+++ Listed entries +++
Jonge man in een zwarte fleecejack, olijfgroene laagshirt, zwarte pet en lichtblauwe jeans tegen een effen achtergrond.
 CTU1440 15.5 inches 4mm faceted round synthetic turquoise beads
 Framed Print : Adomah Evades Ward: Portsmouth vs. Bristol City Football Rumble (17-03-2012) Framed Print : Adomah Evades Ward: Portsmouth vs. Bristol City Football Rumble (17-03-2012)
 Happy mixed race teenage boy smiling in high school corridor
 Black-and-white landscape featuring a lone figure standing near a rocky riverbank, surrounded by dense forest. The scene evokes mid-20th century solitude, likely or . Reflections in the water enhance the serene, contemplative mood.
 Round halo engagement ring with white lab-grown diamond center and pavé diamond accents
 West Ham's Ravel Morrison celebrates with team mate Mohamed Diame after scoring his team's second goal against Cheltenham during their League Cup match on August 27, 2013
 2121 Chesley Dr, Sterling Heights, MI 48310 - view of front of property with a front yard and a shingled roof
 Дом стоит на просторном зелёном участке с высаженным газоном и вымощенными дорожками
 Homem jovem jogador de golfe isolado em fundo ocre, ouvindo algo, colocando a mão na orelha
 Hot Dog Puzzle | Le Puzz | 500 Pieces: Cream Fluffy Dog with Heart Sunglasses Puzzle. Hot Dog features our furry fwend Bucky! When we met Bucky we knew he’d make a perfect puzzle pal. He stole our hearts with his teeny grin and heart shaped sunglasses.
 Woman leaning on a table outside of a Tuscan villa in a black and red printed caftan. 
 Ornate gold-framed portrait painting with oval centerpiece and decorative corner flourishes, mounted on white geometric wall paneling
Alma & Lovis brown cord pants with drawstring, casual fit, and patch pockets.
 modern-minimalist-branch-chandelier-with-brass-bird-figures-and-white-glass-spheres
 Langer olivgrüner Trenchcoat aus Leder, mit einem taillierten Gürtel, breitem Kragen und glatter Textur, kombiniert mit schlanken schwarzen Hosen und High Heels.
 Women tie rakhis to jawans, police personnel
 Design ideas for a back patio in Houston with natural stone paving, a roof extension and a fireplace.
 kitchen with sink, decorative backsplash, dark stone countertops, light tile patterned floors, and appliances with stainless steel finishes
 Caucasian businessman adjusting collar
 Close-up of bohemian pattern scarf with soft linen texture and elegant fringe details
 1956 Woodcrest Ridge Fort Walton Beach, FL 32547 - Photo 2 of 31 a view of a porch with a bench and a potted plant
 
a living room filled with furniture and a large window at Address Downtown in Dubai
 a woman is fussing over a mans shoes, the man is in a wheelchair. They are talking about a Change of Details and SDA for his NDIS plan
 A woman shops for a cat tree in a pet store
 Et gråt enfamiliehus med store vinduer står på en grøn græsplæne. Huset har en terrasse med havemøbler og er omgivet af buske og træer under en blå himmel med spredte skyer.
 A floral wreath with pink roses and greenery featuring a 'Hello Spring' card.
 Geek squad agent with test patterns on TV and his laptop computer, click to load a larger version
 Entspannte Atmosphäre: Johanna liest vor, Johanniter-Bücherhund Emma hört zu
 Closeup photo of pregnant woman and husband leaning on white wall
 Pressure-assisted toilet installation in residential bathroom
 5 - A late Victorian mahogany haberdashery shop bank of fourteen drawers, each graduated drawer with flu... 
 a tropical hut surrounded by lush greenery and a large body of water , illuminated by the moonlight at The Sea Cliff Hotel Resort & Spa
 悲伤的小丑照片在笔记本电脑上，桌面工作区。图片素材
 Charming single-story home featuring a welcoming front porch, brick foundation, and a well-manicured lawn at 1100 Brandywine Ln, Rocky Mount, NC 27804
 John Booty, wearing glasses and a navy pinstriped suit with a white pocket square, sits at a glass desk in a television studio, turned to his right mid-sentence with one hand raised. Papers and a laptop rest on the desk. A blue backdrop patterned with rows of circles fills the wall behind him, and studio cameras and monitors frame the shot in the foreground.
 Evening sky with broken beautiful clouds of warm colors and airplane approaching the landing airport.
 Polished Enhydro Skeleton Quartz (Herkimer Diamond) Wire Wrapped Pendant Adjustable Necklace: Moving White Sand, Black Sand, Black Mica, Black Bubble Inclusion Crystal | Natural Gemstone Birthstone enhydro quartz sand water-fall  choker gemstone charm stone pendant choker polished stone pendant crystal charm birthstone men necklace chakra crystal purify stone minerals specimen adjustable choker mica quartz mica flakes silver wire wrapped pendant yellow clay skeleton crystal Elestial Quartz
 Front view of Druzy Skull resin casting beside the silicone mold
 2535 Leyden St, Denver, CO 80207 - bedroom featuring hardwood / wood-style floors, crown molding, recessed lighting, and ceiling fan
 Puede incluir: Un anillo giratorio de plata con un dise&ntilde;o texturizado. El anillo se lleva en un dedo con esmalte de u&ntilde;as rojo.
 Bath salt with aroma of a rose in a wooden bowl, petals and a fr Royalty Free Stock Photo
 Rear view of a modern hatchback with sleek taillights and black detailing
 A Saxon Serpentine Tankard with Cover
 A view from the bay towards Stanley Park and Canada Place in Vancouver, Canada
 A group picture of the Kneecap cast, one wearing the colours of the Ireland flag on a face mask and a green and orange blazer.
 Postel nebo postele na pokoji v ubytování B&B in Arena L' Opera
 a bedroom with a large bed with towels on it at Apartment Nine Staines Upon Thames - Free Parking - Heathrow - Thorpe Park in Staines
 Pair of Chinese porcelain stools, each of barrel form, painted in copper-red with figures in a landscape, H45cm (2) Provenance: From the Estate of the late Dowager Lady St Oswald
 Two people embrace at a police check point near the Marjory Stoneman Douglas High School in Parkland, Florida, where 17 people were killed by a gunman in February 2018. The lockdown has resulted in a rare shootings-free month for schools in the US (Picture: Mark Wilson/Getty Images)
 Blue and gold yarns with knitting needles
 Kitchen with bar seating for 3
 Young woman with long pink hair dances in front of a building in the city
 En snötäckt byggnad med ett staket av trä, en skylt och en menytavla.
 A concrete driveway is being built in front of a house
+++
Counting only lines that hold the word "bedroom", report how many there are in the listing above, as a number alone.

### Result for this exercise
2